Rotation in a clockwise direction, for example, when viewed from above, of 
riser string 98 will cause the support case 110 and, perhaps, the 
unlocking element 120 to rotate in the clockwise direction. As each cam 
follower 114 engages a key way 152 in the outer diameter of member 48, it 
extends into that recess under the urging of springs 118 and is latched 
therein. With the cam 114 latched, the rotational motion of support case 
110 ceases. Further clockwise rotation, counterclockwise in the bottom 
view of FIG. 5, of the string 98 causes continuing rotation of the sleeves 
102 and gear 104. With the outer surface of support case 110 now locked 
firmly in place, the string 98 and sleeve 102 will now begin to rotate 
free of support case 110 including collars 108 and 130. Gear 104 will thus 
cause the rotation of gear 138 about shaft 136, which, in turn, will 
rotatably drive gear 146 for rotating the unlocking element 120 in a 
counterclockwise direction, clockwise in FIG. 5. As the unlocking element 
turns, the cam follower 124 will engage the recess 94 located within the 
locking sleeve 68. 
Once the cam follower 124 has engaged the cam surface 94 formed by this 
recess, the cam will transmit counterclockwise rotation to the locking 
sleeve 68 for unscrewing and lowering the tapered collar 66 and freeing 
wedge members 64. Further rotation will free the seal assembly 10 from the 
well head casing 12 and permit the removal of the seal assembly 10 and its 
releasing tool 100. It will be seen that this operation permits the 
removal of the seal assembly 10 without breaking the threaded drill pipe 
connections.
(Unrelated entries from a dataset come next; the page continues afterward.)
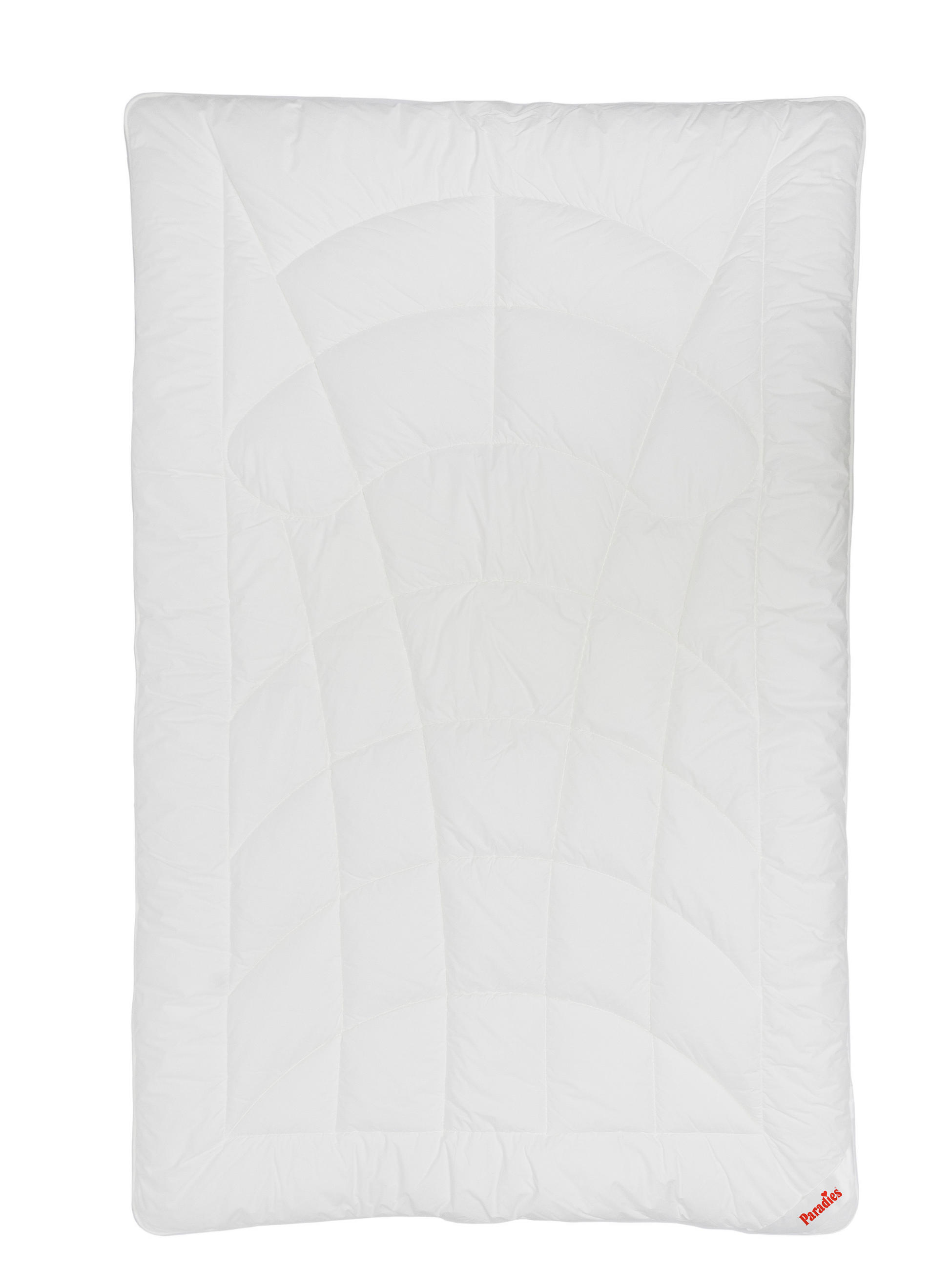 GANZJAHRESDECKE  Flair 155/220 cm  - Weiß, Basics, Textil (155/220cm) - Paradies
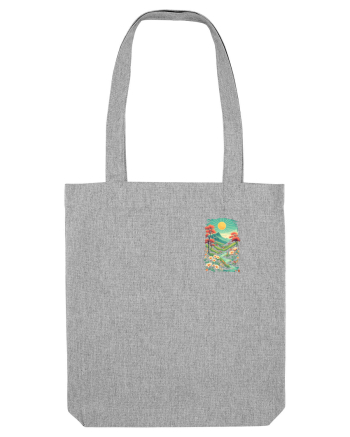 PRIMAVARA FLORI PEISAJ MUNTE - lateral 3 Heather Grey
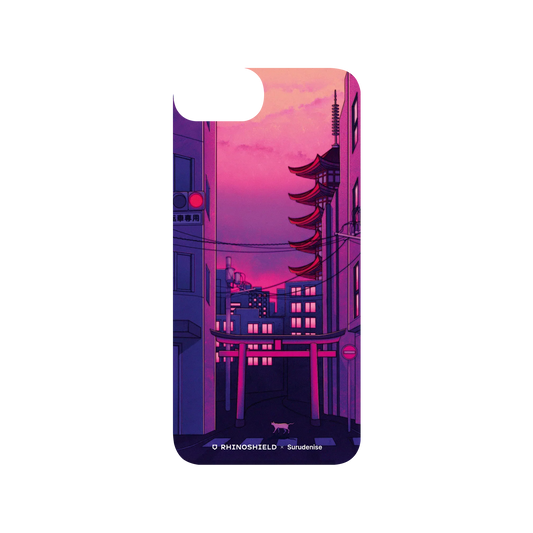 RHINOSHIELD X Surudenise SolidSuit iPhone 7 Case - Tokyo Day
Once the seal assembly is free, it can be raised by 
retrieving the string 98. 
The seal assembly releasing tool has been described as having cam followers 
mounted upon inner and outer concentric members which may be rotated in 
opposite directions by a planetary gear system. Clearly, the specific 
arrangement of the cam followers may be varied provided the cams are 
arranged on two oppositely rotating sleeves, one having a larger outer 
diameter than the other for engagement with two apertures one having a 
larger inner diameter than the other. While the cam surfaces may be 
varied, it will be understood that other modifications and variations are 
possible within the framework of the invention as claimed. Accordingly, 
the invention should be limited only the by the following claims.